◆ To do:
Transcribe the material verbatim, starting at its first line and stopping once the line containing "First, I brush" has been given; no picture should appear.

+ + +

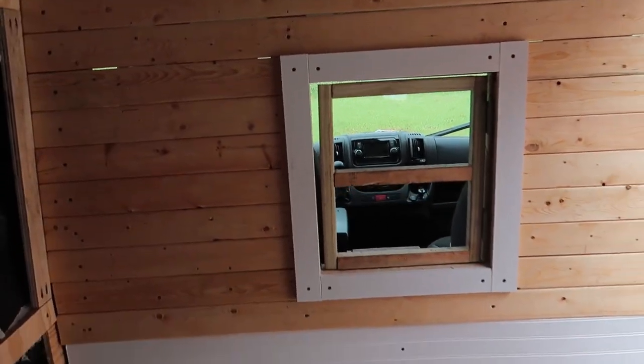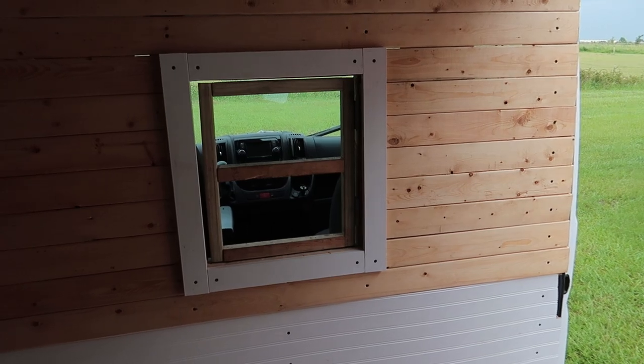I got the frame in. I think it looks really good. I will see you guys tomorrow.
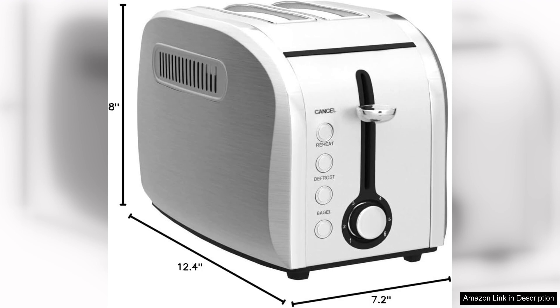Whether you're a busy professional or a stay-at-home parent, this toaster is sure to meet your needs and elevate your morning routine. Highly recommend it.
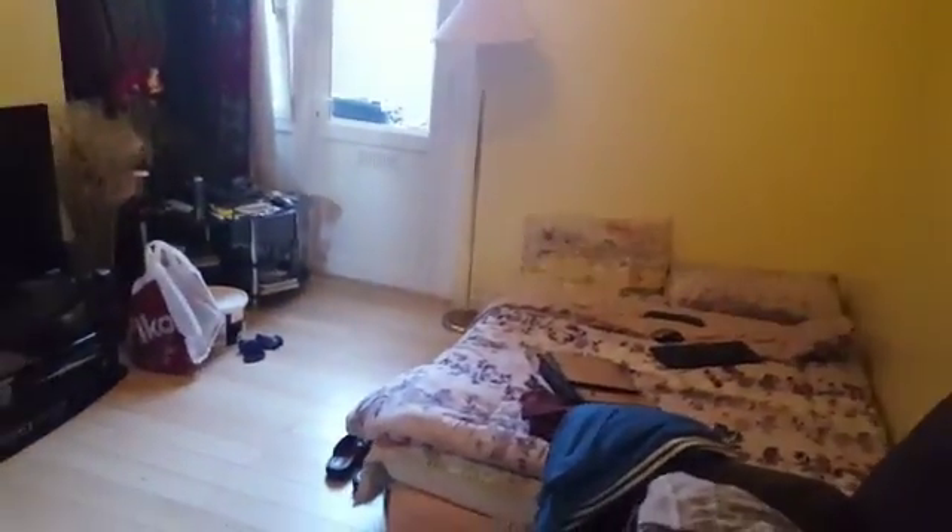Hello there guys, this video is going to be mainly about the makeover of this bedroom. Just to give you an idea of how the room looks now and how it will look after. Currently this is how the door looks — you can see the paint and everything. This is the current state of the door, and now let's enter the room.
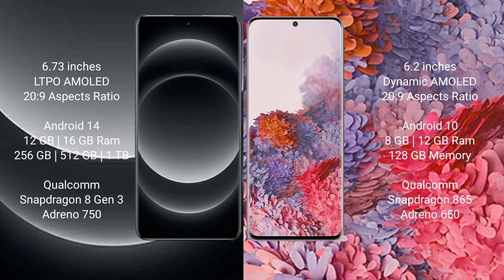Xiaomi 14 Ultra comes with 12GB and 16GB RAM, and 256GB, 512GB, and 1TB internal storage, with a Qualcomm Snapdragon 823 processor and GPU Adreno 750. Samsung Galaxy S20 comes with 8GB and 12GB RAM and 128GB internal storage, with a Qualcomm Snapdragon 865 processor and GPU Adreno 650.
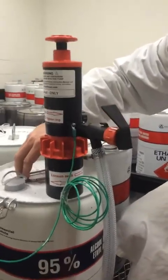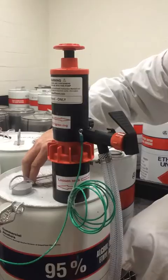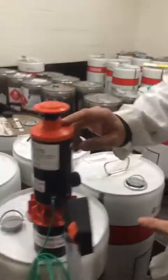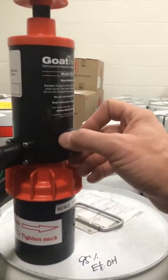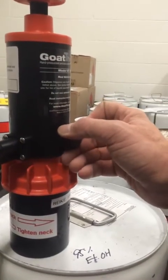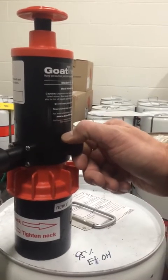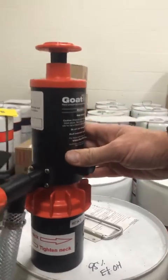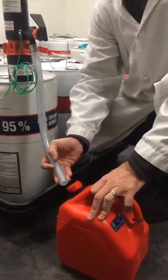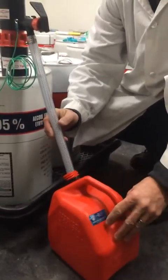At this point you're almost ready to dispense, but first you need to close the pressure valve on the pump itself. There's a small black knob — turn it clockwise all the way, righty tighty, and that closes the pressure relief valve in order to charge the pump with pressure. Then take an appropriate secondary container and put your dispensing hose into it.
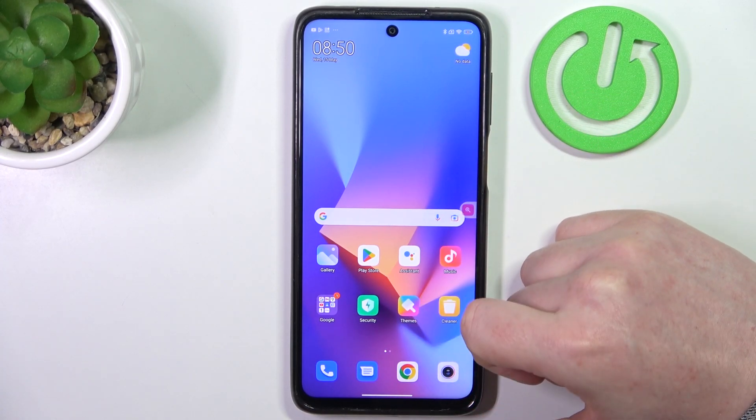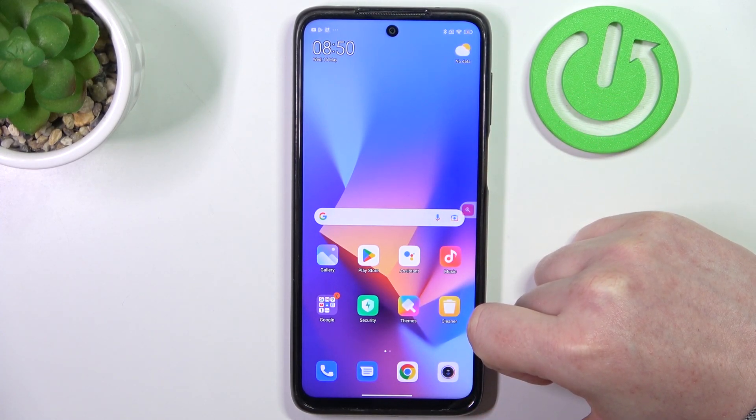Hello, in this video we're gonna check if there's a built-in LED lamp notifications on Xiaomi Redmi Note 9S.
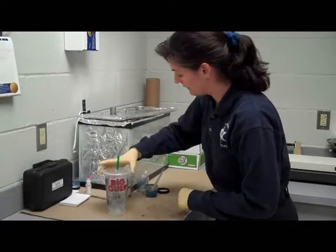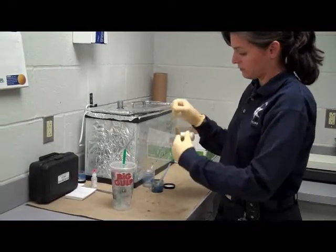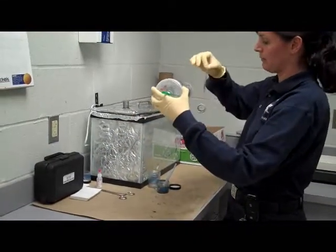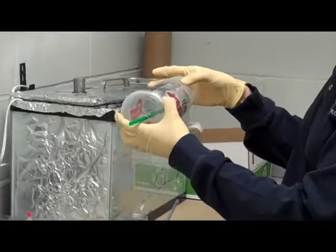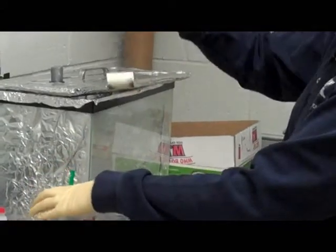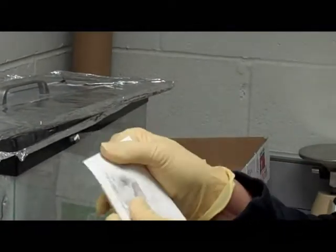Once the prints are visible, you use fingerprint lifting tape. Pull it in a smooth, gentle motion, because you don't want bubbles or anything in your tape. Put the tape right over the print, press it down, making sure you've got all the air bubbles out. Then gently pull the tape off the object and place it right on a backing card. Smooth it down — let the static work for you in drawing the tape to the card so it's all smooth.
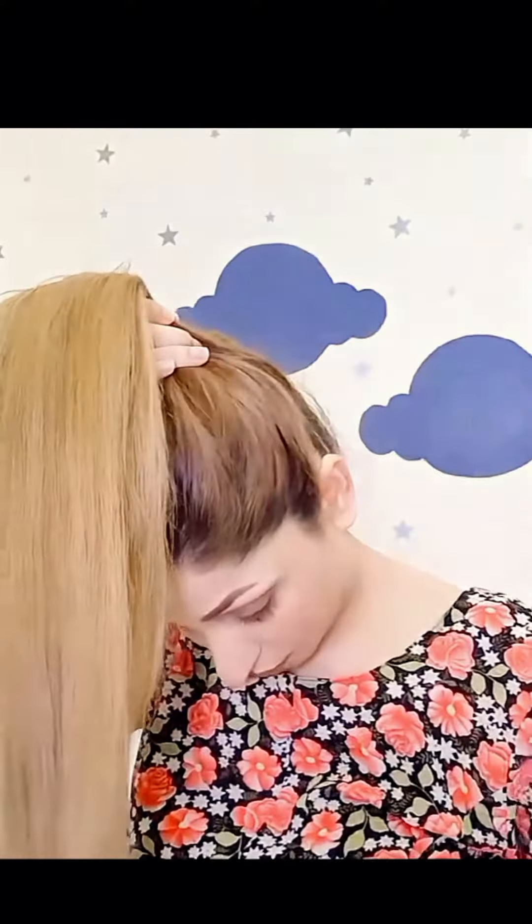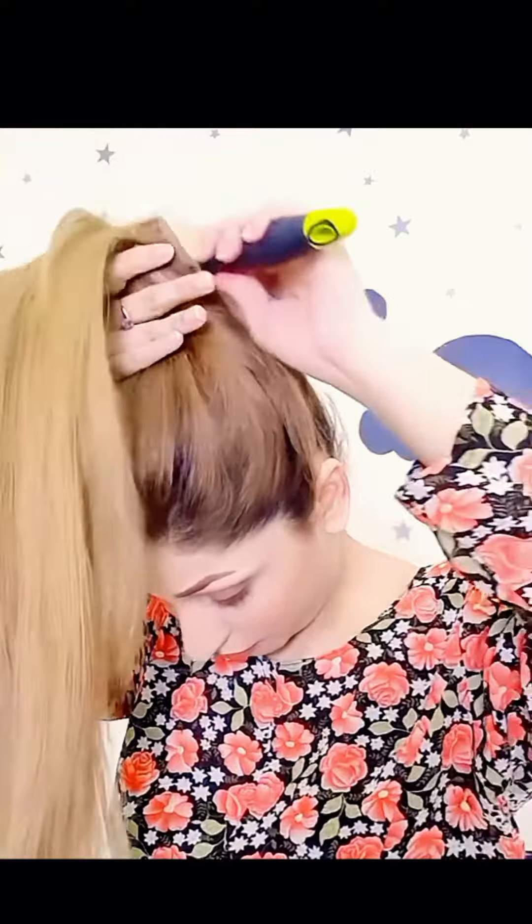First, I brush my hair like this. Then I grab my hair and put it together with my hair. This trick I bring my hair together. In this way, I am continuing to brush my hair.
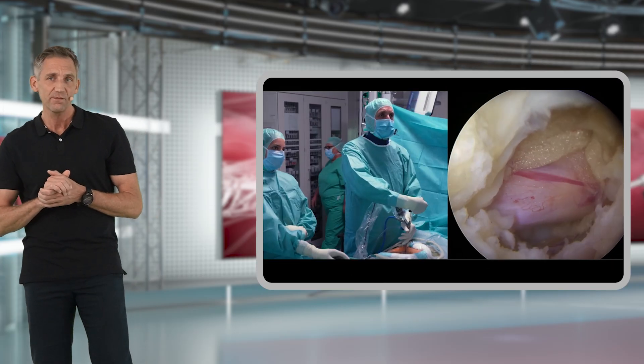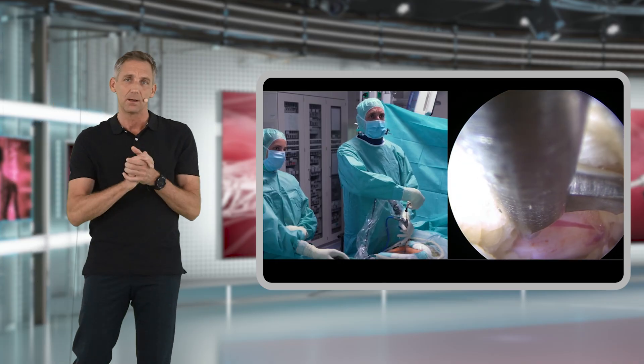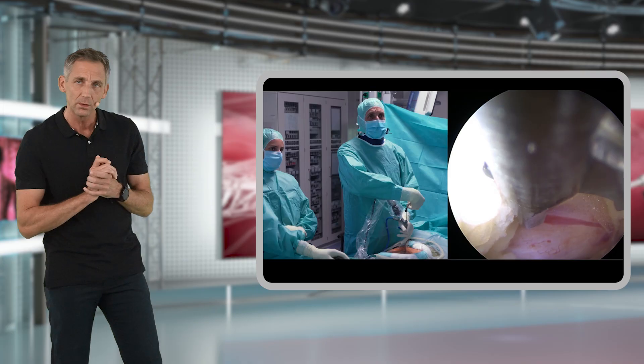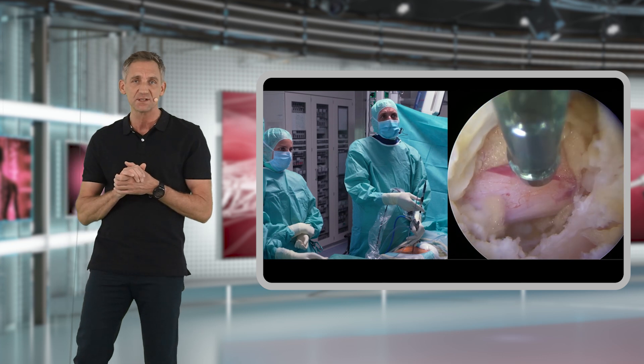Later on in your learning curve, when targeting a disc herniation or sequester, in the majority of cases you can create a really tiny — maybe only two to three millimeter — hole in the yellow ligament, just enough to get into the spinal canal and right over the disc herniation.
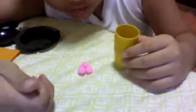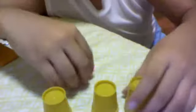Hello everyone, I'm going to show you my magic balls. Here's one cup and three balls — you can see the balls. Put one ball right here.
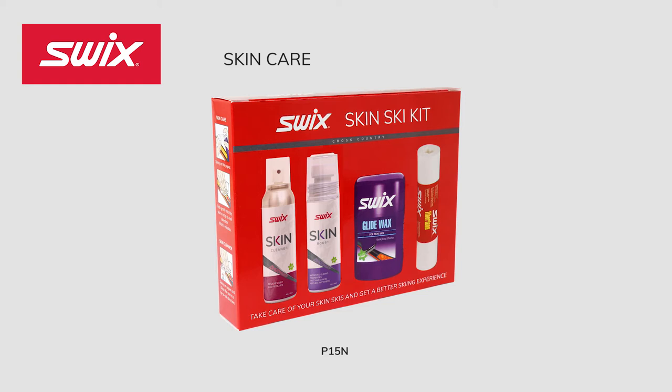Skin Ski Kit P15N. Swix will offer a convenient skin care maintenance kit. The kit will include Skin Boost N21, Skin Cleaner N22, Skin Ski Glide Wax N19, and fibrilline paper for application. Everything you need to get a better ski experience.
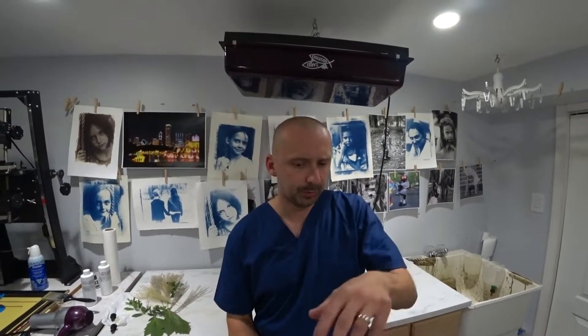You can arrange these things in many different ways, whatever your fancy is. Then you expose it — you squeeze it between the paper and the glass, and whatever other substrate you use. I use this homemade contact plate that I made in the garage. You expose it and that's your photogram.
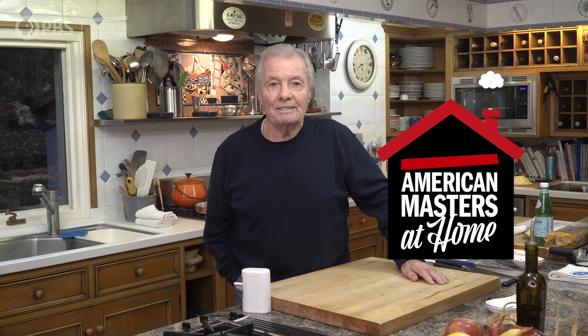Hi, I'm Jacques Pepin, and this is American Masters at Home.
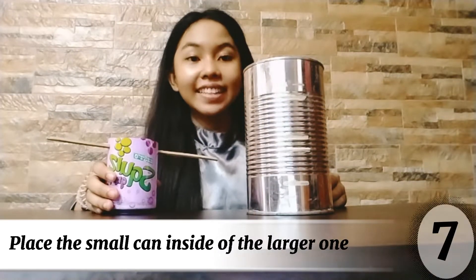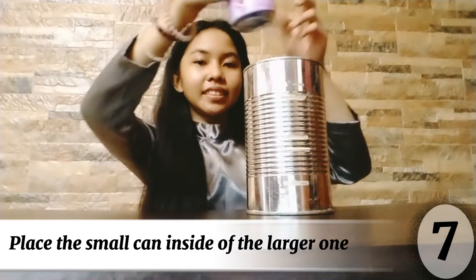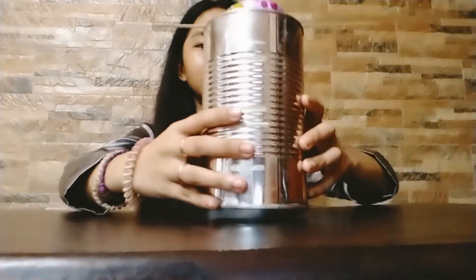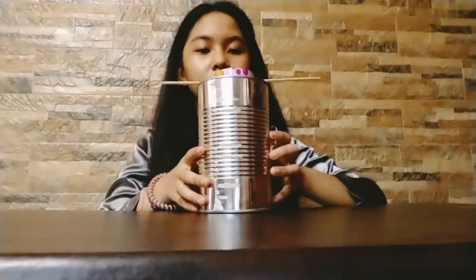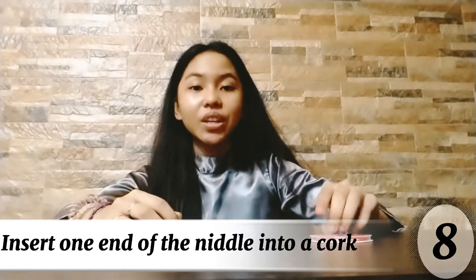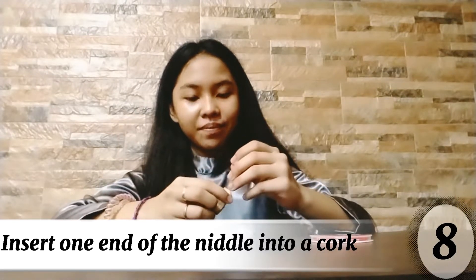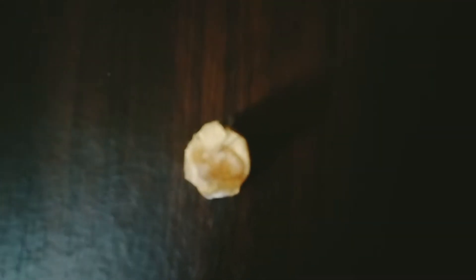Seventh, place the small can inside the larger can. The small metal can should rest securely inside the larger one, supported by the stick. Number eight, insert one end of the needle into a cork. It will be used to hold the food inside the calorimeter. Make sure it can stand upright with the needle sticking out.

+ + +

◆ Expected answer:
I got the frame in. I think it looks really good. I will see you guys tomorrow.
Whether you're a busy professional or a stay-at-home parent, this toaster is sure to meet your needs and elevate your morning routine. Highly recommend it.
Hello there guys, this video is going to be mainly about the makeover of this bedroom. Just to give you an idea of how the room looks now and how it will look after. Currently this is how the door looks — you can see the paint and everything. This is the current state of the door, and now let's enter the room.
Xiaomi 14 Ultra comes with 12GB and 16GB RAM, and 256GB, 512GB, and 1TB internal storage, with a Qualcomm Snapdragon 823 processor and GPU Adreno 750. Samsung Galaxy S20 comes with 8GB and 12GB RAM and 128GB internal storage, with a Qualcomm Snapdragon 865 processor and GPU Adreno 650.
At this point you're almost ready to dispense, but first you need to close the pressure valve on the pump itself. There's a small black knob — turn it clockwise all the way, righty tighty, and that closes the pressure relief valve in order to charge the pump with pressure. Then take an appropriate secondary container and put your dispensing hose into it.
Hello, in this video we're gonna check if there's a built-in LED lamp notifications on Xiaomi Redmi Note 9S.
Once the prints are visible, you use fingerprint lifting tape. Pull it in a smooth, gentle motion, because you don't want bubbles or anything in your tape. Put the tape right over the print, press it down, making sure you've got all the air bubbles out. Then gently pull the tape off the object and place it right on a backing card. Smooth it down — let the static work for you in drawing the tape to the card so it's all smooth.
First, I brush my hair like this. Then I grab my hair and put it together with my hair. This trick I bring my hair together. In this way, I am continuing to brush my hair.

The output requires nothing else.